Work order -> Every record below is to be retyped exactly, with any pictures left out.

————

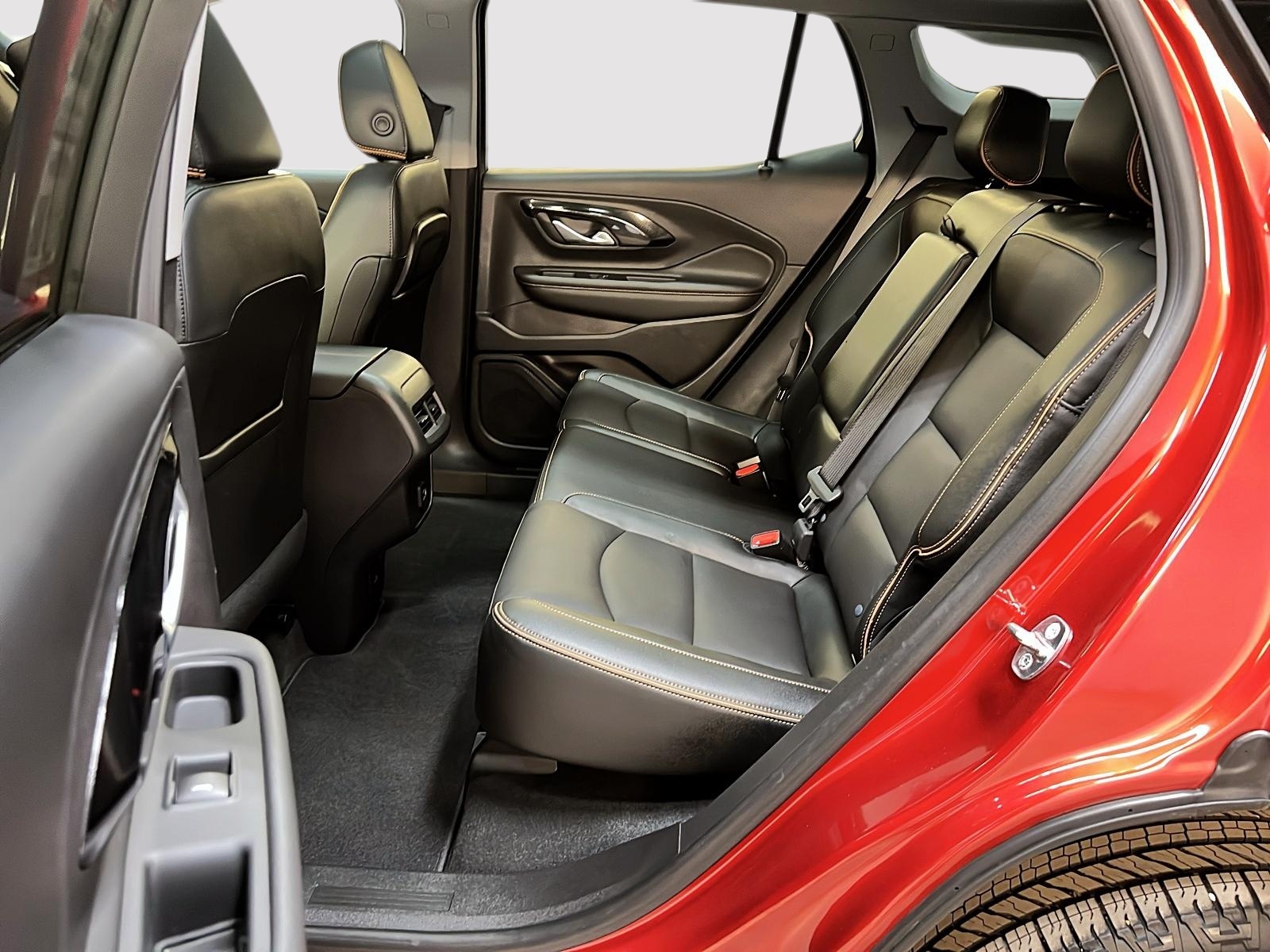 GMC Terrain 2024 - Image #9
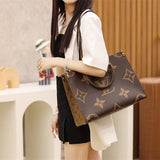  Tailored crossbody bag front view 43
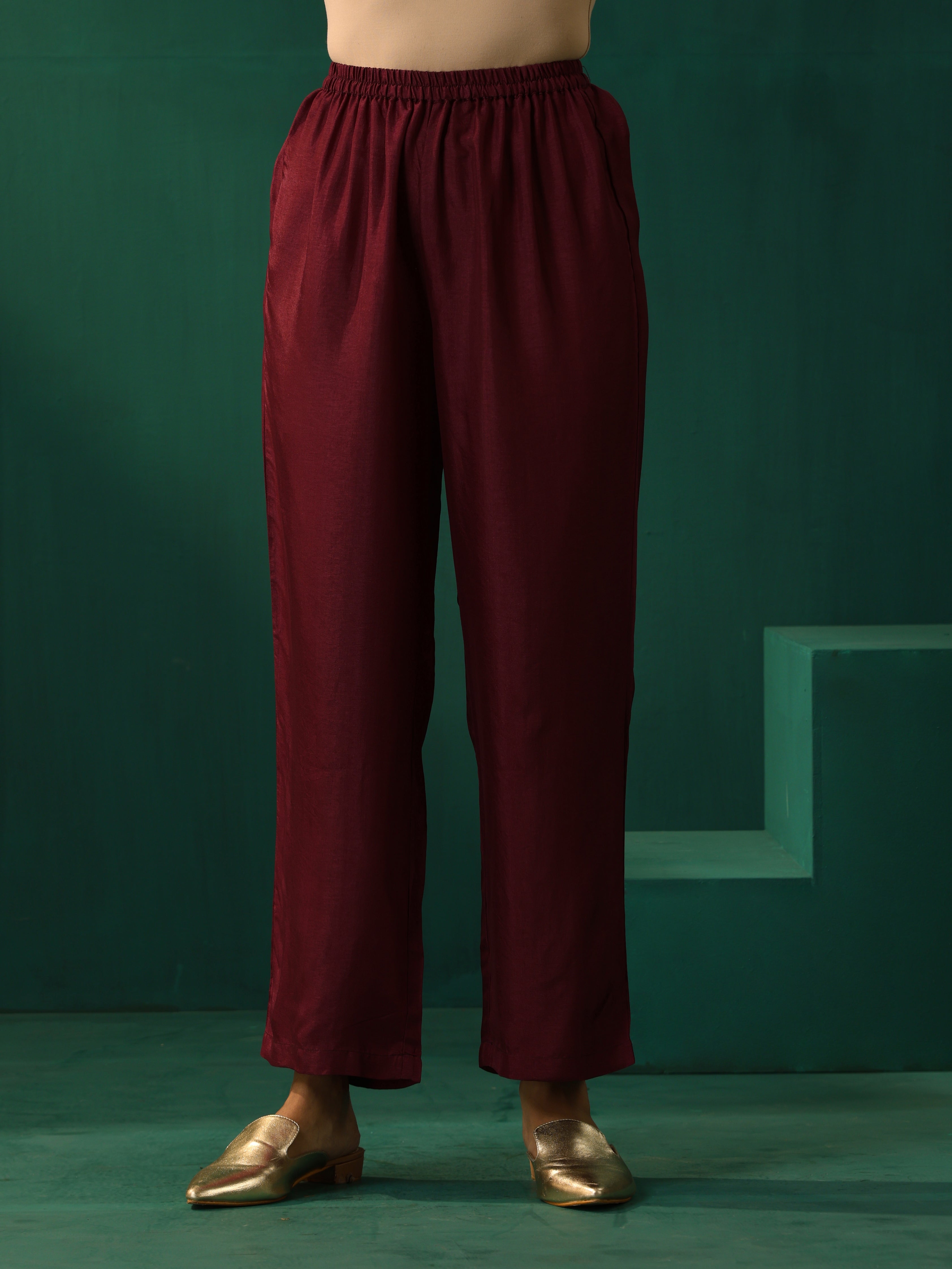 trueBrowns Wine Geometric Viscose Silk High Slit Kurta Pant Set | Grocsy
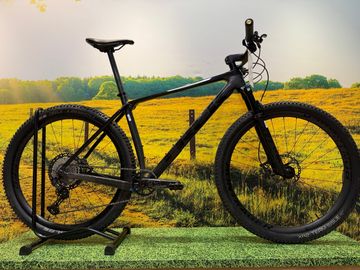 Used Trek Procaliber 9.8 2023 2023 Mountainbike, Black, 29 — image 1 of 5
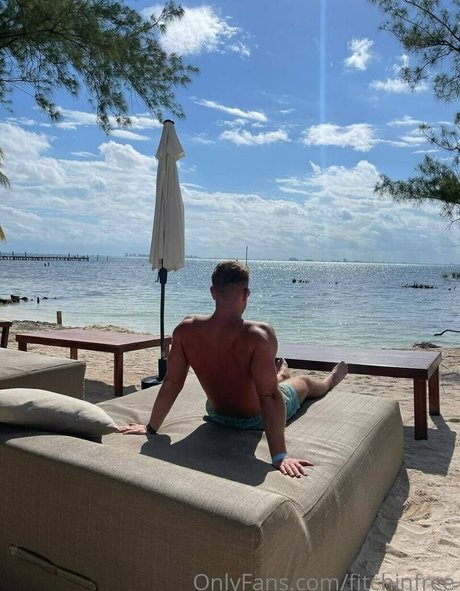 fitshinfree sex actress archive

————

Finished task ->
 GMC Terrain 2024 - Image #9
  Tailored crossbody bag front view 43
 trueBrowns Wine Geometric Viscose Silk High Slit Kurta Pant Set | Grocsy
 Used Trek Procaliber 9.8 2023 2023 Mountainbike, Black, 29 — image 1 of 5
 fitshinfree sex actress archive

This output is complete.